WHAT THE TASK REQUIRES
Word for word, please restate the lines from the beginning of the data through the line in which "业余围棋赛 柯洁给柯国凡颁奖" appears.

DATA SHOWN
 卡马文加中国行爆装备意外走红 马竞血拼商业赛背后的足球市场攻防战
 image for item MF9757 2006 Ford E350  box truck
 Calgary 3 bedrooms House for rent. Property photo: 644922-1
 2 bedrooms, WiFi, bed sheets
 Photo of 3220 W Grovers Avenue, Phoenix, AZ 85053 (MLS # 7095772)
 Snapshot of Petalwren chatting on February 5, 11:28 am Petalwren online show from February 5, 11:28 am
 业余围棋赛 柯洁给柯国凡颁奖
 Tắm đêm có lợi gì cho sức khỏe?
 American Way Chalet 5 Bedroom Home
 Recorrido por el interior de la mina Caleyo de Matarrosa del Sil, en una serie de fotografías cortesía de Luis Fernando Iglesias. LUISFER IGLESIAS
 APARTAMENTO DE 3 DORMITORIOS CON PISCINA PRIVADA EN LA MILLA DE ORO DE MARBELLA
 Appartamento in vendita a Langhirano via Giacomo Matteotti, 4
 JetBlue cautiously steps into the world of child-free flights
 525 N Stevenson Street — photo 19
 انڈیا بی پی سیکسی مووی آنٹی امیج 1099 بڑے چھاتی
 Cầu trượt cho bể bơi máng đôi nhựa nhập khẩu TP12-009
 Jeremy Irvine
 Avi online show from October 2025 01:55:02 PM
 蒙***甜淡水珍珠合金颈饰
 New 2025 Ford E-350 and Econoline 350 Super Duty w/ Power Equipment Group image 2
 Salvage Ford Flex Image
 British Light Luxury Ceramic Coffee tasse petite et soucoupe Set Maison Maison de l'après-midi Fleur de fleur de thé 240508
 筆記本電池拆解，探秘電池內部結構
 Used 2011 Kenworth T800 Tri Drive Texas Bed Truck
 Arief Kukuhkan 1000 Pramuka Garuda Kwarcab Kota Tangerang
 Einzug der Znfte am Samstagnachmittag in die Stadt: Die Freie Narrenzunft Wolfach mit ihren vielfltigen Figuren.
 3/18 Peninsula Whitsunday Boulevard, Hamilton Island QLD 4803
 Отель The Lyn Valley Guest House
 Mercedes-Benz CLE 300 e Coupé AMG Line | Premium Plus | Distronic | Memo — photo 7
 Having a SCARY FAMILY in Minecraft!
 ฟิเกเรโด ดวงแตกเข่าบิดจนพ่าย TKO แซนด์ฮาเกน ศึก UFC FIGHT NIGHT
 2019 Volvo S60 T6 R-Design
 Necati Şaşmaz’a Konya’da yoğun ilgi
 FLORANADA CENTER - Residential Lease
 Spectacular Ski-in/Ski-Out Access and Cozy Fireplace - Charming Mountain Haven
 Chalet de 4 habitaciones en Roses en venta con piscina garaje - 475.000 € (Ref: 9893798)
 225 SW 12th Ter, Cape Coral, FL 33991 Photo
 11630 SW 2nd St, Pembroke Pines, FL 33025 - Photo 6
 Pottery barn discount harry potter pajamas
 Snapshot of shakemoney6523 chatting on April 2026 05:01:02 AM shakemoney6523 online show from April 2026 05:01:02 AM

REPLY
 卡马文加中国行爆装备意外走红 马竞血拼商业赛背后的足球市场攻防战
 image for item MF9757 2006 Ford E350  box truck
 Calgary 3 bedrooms House for rent. Property photo: 644922-1
 2 bedrooms, WiFi, bed sheets
 Photo of 3220 W Grovers Avenue, Phoenix, AZ 85053 (MLS # 7095772)
 Snapshot of Petalwren chatting on February 5, 11:28 am Petalwren online show from February 5, 11:28 am
 业余围棋赛 柯洁给柯国凡颁奖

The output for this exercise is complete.